L’industria della moda è un vasto universo che condiziona le nostre scelte nell’acquisto dell’abbigliamento.

Volutamente o inconsciamente si diventa consumatori veloci di capi di qualità modesti, con costi di acquisto irrisori se non bassi; è il fenomeno definito fast-fashion, uno dei colpevoli della crisi ecologica in atto, giacché il consumo genera scarti tessili enormi, spreco di acqua, emissioni di gas serra ed inquinanti.

Perché allora nel linguaggio della moda si continua ad usare termini generici ingannevoli come “eco-friendly”, “verde”, dando l’impressione di attributi ambientali positivi? E’ questo il greenwashing, in realtà un linguaggio vago, che non certifica il processo produttivo e il prodotto finito.

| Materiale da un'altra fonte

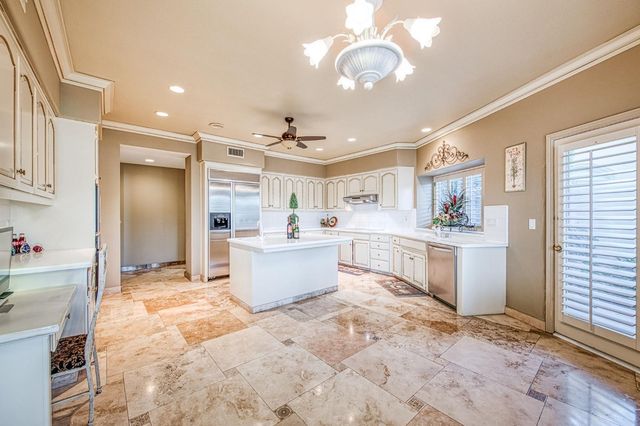 2589 W Lake Van Ness Circle, Fresno, CA 93711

Parlare allora di moda sostenibile è doveroso, perché questo implica innanzitutto l’uso di tessuti organici e certificati, assenza di economia di scala, minore impatto ambientale, rispetto delle condizioni dei lavoratori del tessile sotto l’aspetto umano e remunerativo, assenza di inutili sovrapproduzioni.

Il tema principale legato alla moda sostenibile è l’uso di fibre naturali come la canapa, il lino e la juta, che non richiedono l’utilizzo di sostanze nocive per l’ambiente. Tra le fibre artificiali ecocompatibili ci sono il bamboo, modal certificato tencel e fibre sintetiche ottenute dal riciclo della plastica o dalle reti da pesca recuperate nel mare.

Il comportamento virtuoso del consumatore finale diventa allora importante, quando è attento alla lettura delle etichette, quando compra meno ma meglio, si domanda chi ha prodotto quel capo e perché ha un costo così basso.